Alexander König

Alexander König - Foreword
For this year's winter tour of the Spinnerei Galleries, Alexander König is presenting three works in the Filipp Gallery, to which the title of the presentation "Preface" does justice in several respects.

The works are based on the so-called master engravings by Albrecht Dürer, which were created in 1513 and 1514. König appropriates these engravings, quasi as an anniversary edition for the 500th birthday, and works out a new picture from their composition in each case.

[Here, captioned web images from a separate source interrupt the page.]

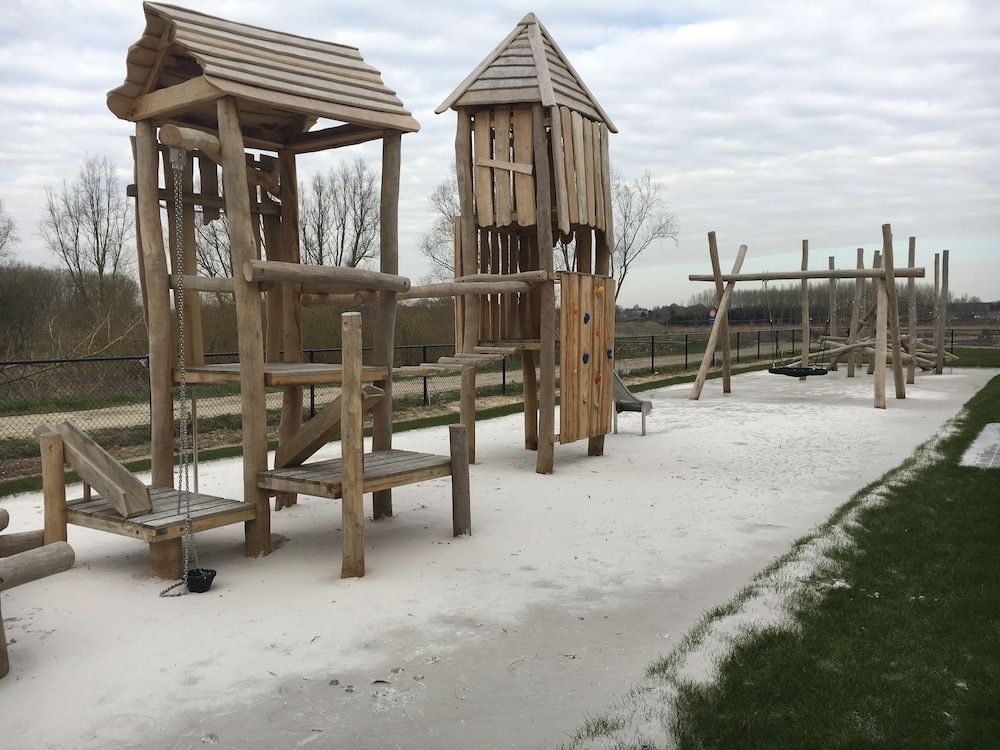 Children's Play Area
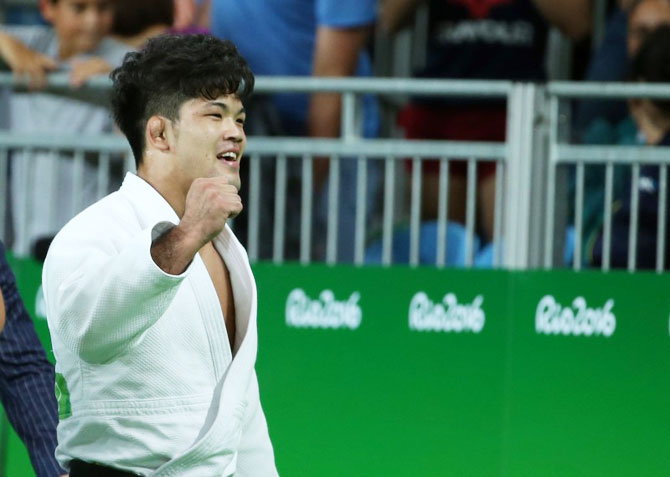 Japan's Shohei Ono celebrates after taking gold in the Judo Men's 73kg Final at Carioca Arena 2 on Monday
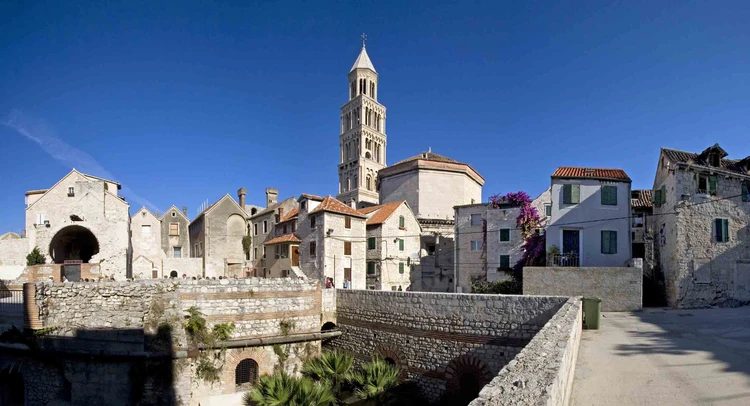 Bus turístico Split: (líneas roja y verde) + excursión (línea azul) + puesta de sol en Klis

In this way, the master engravings serve as a preface to König's works, just as the engravings as a high point of northern Alpine Renaissance graphic art can be read as a preface to the creation of art itself, as it took place in northern Europe from Dürer onwards. König transposes the three engravings into a painting which, although based on the prints, neither imitates them nor interprets them in the classical sense. Rather, the artist creates works from the source material that he fully subordinates to his own pictorial rhetoric and theme. In doing so, it is of no importance to him to check image entitlements. He neither updates nor poses the question of how things can continue after Dürer's "perfection" and the fragmentation of modernism.

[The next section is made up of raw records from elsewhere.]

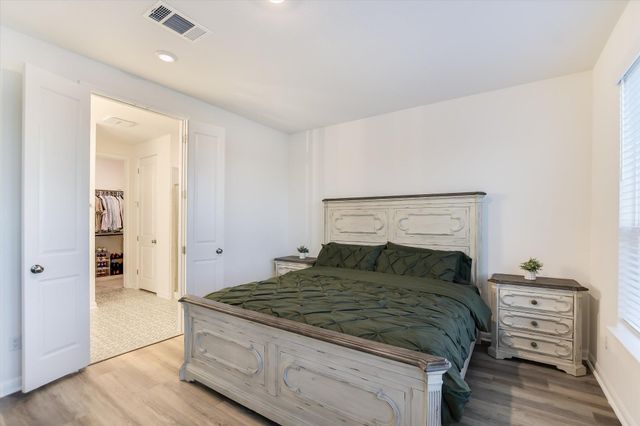 737 Leeward PASS, Leander, TX 78641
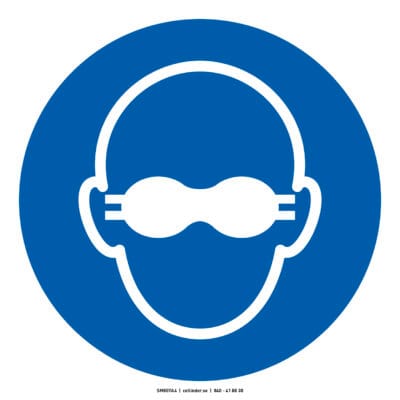 M007 Wear dark safety glasses (ISO)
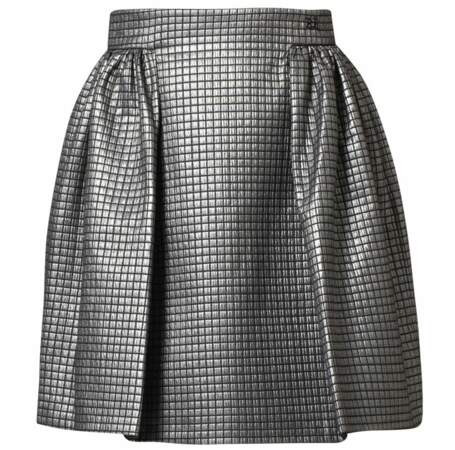 La jupe en brocart, 250€ soldée –environ 55% 107,50€ (Brigitte Bardot sur Zalando.fr)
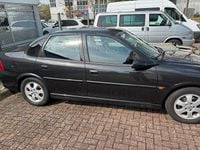 Begagnad Opel Vectra 100 HK (73 kW) 2001 Svart Sedan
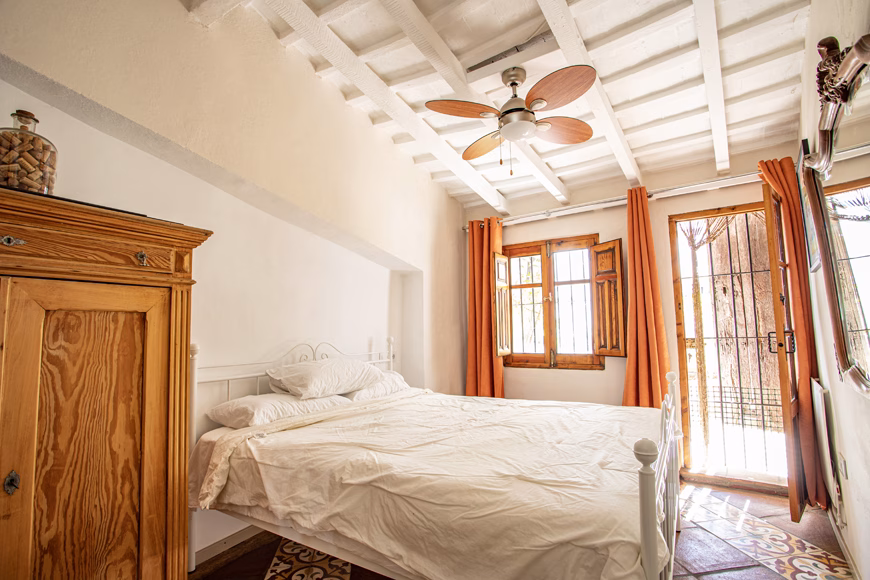 Jimena 3 bed 3 bath 240,000€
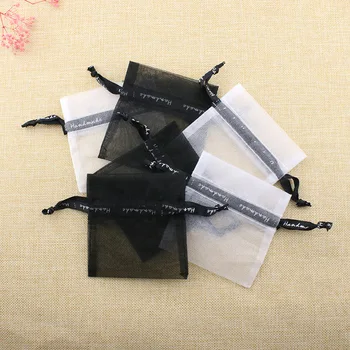

10pcs/lot Korea Yarn Letter Drawstring Square Bags 10x10cm Black/White Jewelry Package Dust Bags Candy Gift Storage Pouches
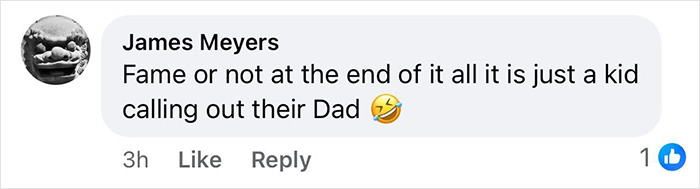 Comment on social media about Matt Damon's teen daughter roasting his red carpet pose with laughing emoji.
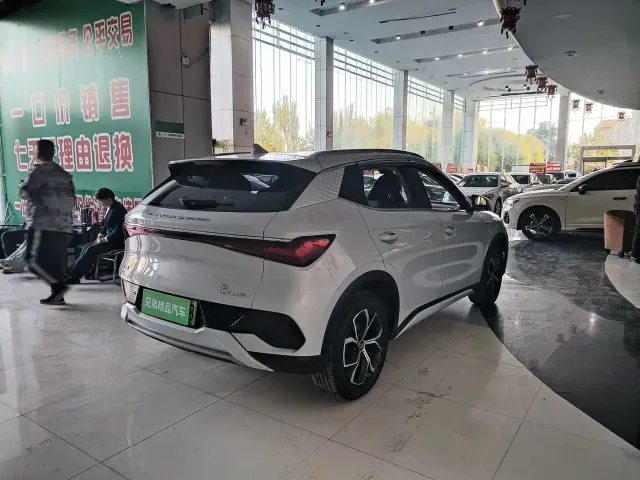 BYD Yuan PLUS — Фото автомобиля 11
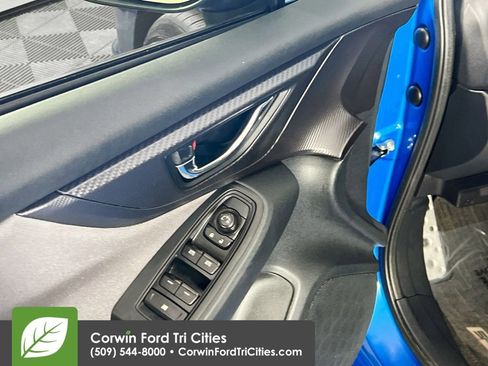 Used 2020 Subaru Impreza 2.0i Sport image 12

The engravings of the Nuremberg master only provide Alexander König with a compositional and narrative stimulus. In this he is closer to Picasso than to the descendants and theoreticians of 'Appropriation Art' [in 1957 Picasso created his cycle "Las Meninas" after Velázquez's "Las Meninas" of 1656]. Dürer gives the occasion, out came König, who decides on direction, statement, figuration and dramaturgy: The "Melencolia" is given the direction of the printing plate, thus already becoming, as it were, the preface for Dürer's finished engraving; Jerome's enclosure is a claustrophobic, dramatic chamber; knight and death exchange roles and force each other, the devil is in the detail, but heavy and massive. König keeps visible the chain that connects his works with Dürer's "prefaces": He is not concerned with a game for initiates. In his works, König focuses on the aspects of the prints that are essential to his pictorial theme, ensures that the reference is recognised, but dispenses with their immanent, but for him not decisive, time-bound symbolism. For him, pictorial power comes before pictorial narrative.

Yet another aspect of König's chosen title "Preface" should not be ignored: The presentation is a reference to a major 'Alexander König: Werkschau' planned in all four cabinets at Josef Filipp in September 2015.